Le chef de gouvernement est persuadé qu’il y a là un vivier d’économies, en contrôlant mieux des directions régionales ou des agences de l’État. Ces structures se sont multipliées ces dernières années. Elles sont dans le collimateur de l’exécutif. François Bayrou, qui cherche 40 milliards d’euros pour l’an prochain, doit annoncer des fusions et des suppressions de certains opérateurs publics, le 15 juillet lors d’une conférence de presse sur le prochain budget.
En coulisses, certaines réunions d’arbitrage « musclées »
« Ce que je vais proposer autour des préfets de département a été concerté avec les administrations », insiste le locataire de Matignon. En coulisses, certaines réunions d’arbitrage ont été « musclées », rapporte un témoin. Des bras de fer ont eu lieu notamment avec le ministère de la Santé (qui pilote les Agences régionales de santé) et avec l’Éducation nationale, qui n’entend pas voir les préfets empiéter sur le pouvoir de leurs directeurs académiques.

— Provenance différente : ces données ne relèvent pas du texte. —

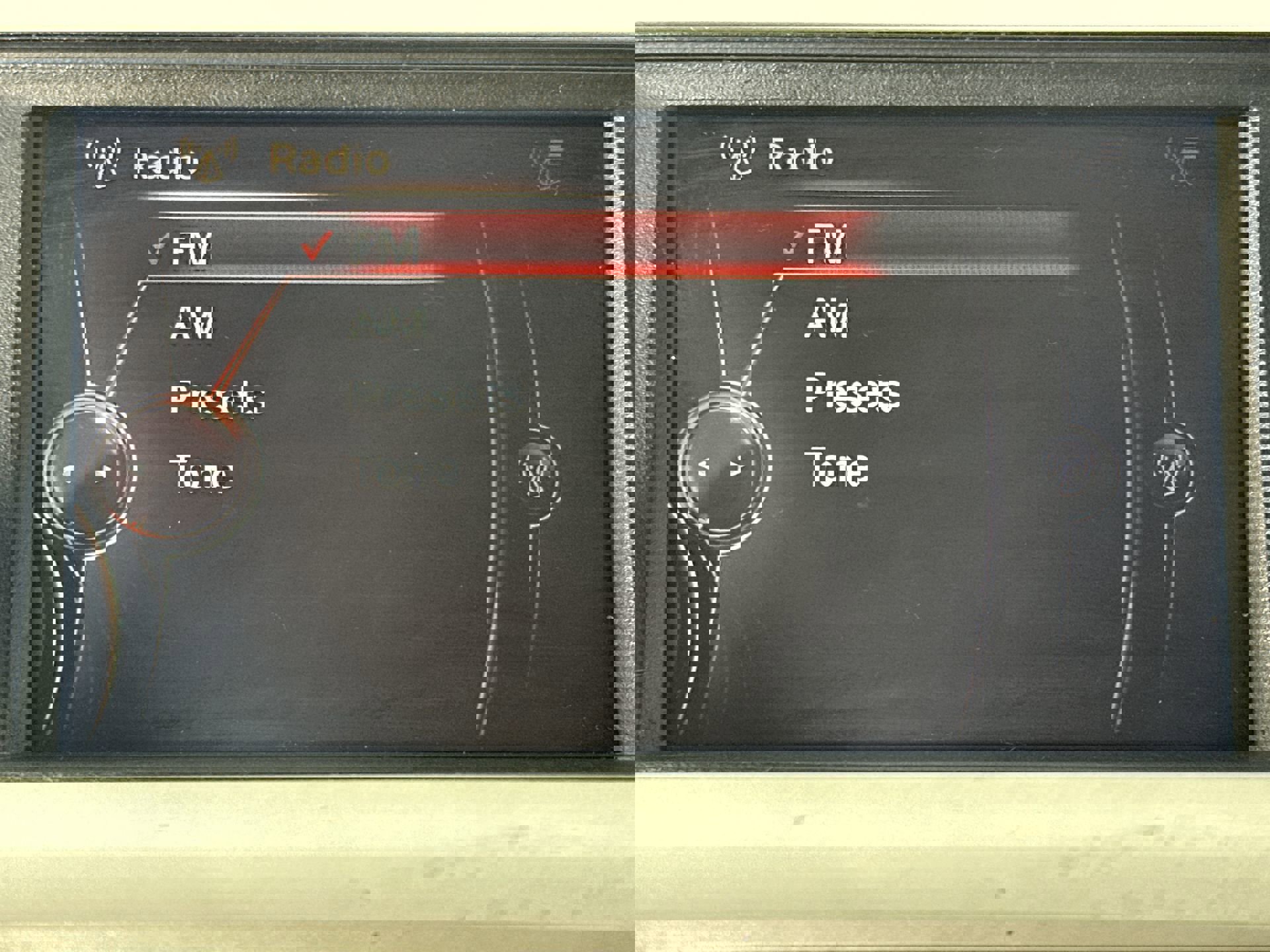 Used 2018 BMW 320i Sedan image 20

« Lutter contre l’inflation de structures et d’administrations parallèles est un chantier nécessaire, estime le député Liot d’Eure-et-Loir Harold Huwart. Mais quels moyens se donnera François Bayrou pour y arriver et à quelle échéance ? Car cela passe par un acte d’autorité de la part du Premier ministre sur ses ministres et par des actes législatifs. » Ce qui, faute de majorité à l’Assemblée, reste encore hypothétique.
Effet d’annonce ou future réforme ? « Voilà dix ans qu’il y a des projets en ce sens, qui ne sont pas allés au bout », concède François Bayrou. Mais le maire de Pau ― qui a survécu à huit motions de censure ― espère pouvoir faire mentir la loi des séries.